Feedback Delays Matter
They represent how quickly we can learn. Keeping the delays as low as the table above means we can get feedback as fast as we have made any meaningful progress. Our tools/system do not hold us back.
Feedback can be synchronous if you keep them this fast. You can wait for feedback and immediately use it to inform your next steps. This helps avoid the costs of context switching.
With fast feedback loops we run tests, and fix broken behaviour. We integrate our changes and update our design to incoporate a colleague’s refactoring.
Fast is deploying to production and immediately addressing the performance degradation we observe. It’s rolling out a feature to 1% of users and immediately addressing errors some of them see.
With slow feedback loops we run tests and respond to some emails while they run, investigate another bug, come back and view the test results later. At this point we struggle to build a mental model to understand the errors. Eventually we’ll fix them and then spend the rest of the afternoon trying to resolve conflicts with a branch containing a week’s changes that a teammate just merged.
With slow deploys you might have to schedule a change to production. Risking being surprised by errors reported later that week, when it has finally gone live, asynchronously. Meanwhile users have been experiencing problems for hours.
As feedback delays increase, we lose twice:
a) We waste more time waiting for these operations (or worse—incur context switching costs as we fill the time waiting)
b) We are incentivised to seek feedback less often, since it is costly to do so. Thereby wasting more time & effort going in the wrong direction.
I picture this as a meandering path towards the most value. Value often isn’t where we thought it was at the start. Nor is the route to it often what we envisioned at the start.
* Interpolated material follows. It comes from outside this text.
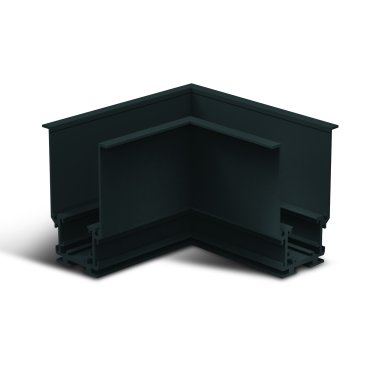 ONE Light système de rail magnétique - coin pour profilé magnétique encastré - 11 x 11 x 7,5 cm - noir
We waste time waiting for feedback. We waste time by following our circuitous route. Feedback opportunities can bring us closer to the ideal line.
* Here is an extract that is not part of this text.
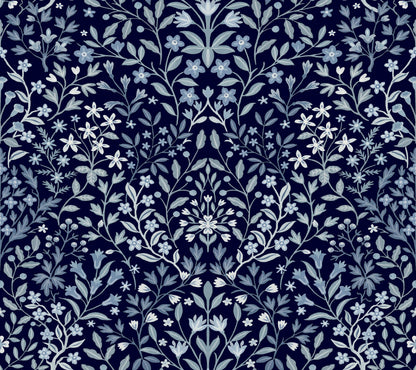 Magnolia Home Book 4 Garden Terrace Wallpaper - Blue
When feedback is slow it’s like setting piles of money on fire. Investment in reducing feedback delays often pays off surprisingly quickly—even if it means pausing forward progress while you attend to it.
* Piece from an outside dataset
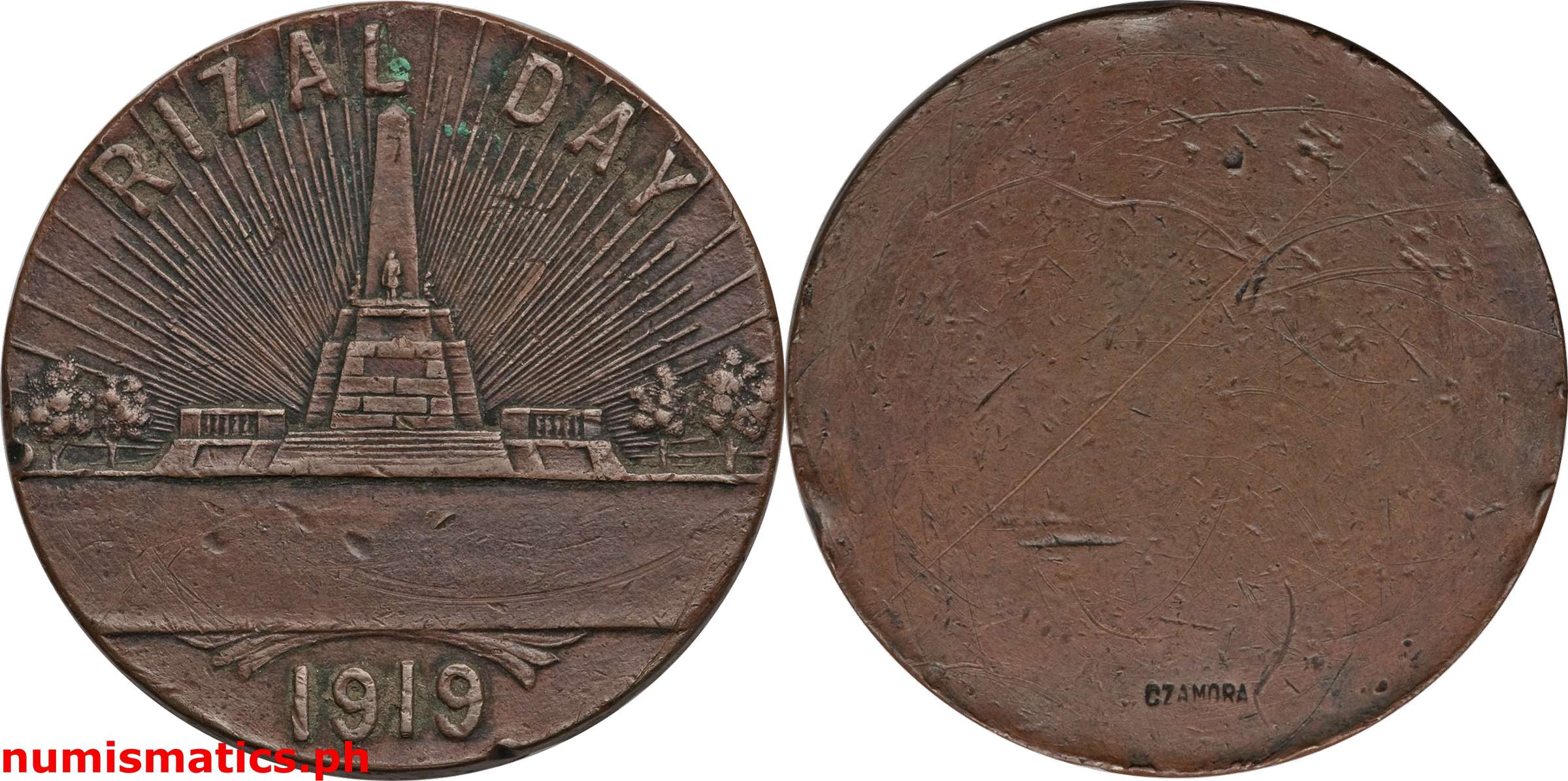 1919 Rizal Day Medal Bronze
This pattern of going in slightly the wrong direction then correcting repeats at various granularities of change. From TDD, to doing (not having) continuous integration. From continuous deployment to testing in production. From customers in the team, to team visibility of financial results.
Variable delays are even worse
In recent times you may have experienced the challenge of having conversations over video links with significant delays. This is even harder when the delay is variable. It’s hard to avoid talking over each other.
Similarly, it’s pretty bad if we know it’s going to take all day to deploy a change to production. But it’s so worse if we think we can do it in 10 minutes, when it actually ends up taking all day. Flaky deployment checks, environment problems, change conflicts create unpredictable delays.
It’s hard to get anything done when we don’t know what to expect. Like trying to hold a video conversation with someone on a train that’s passing through the occasional tunnel.
Measure what Matters
The time it takes for key types of feedback can be a useful lead indicator on the impact a team can have over the longer term. If delays in your team are important to you why not measure them and see if they’re getting better or worse over time? This doesn’t have to be heavyweight.
How about adding a timer to your deploy process and graphing the time it takes from start to production over time? If you don’t have enough datapoints to plot deploy delay over time that probably tells you something ;)
What do the measurements tell you? If you stopped all feature work for a week and instead halved your lead time to production, how soon would it pay off?
Would you hit your quarterly goals more easily if you stopped sprinting and first removed the concrete blocks strapped to your feet?
What’s your experience?
Every team has a different context. Different sorts of feedback loops will be more or less important to different teams. What’s important enough for your team to measure? What’s more important than I’ve listed here?
What is difficult to keep fast? What gets in the way? What is so slow in your process that synchronous feedback seems like an unattainable dream?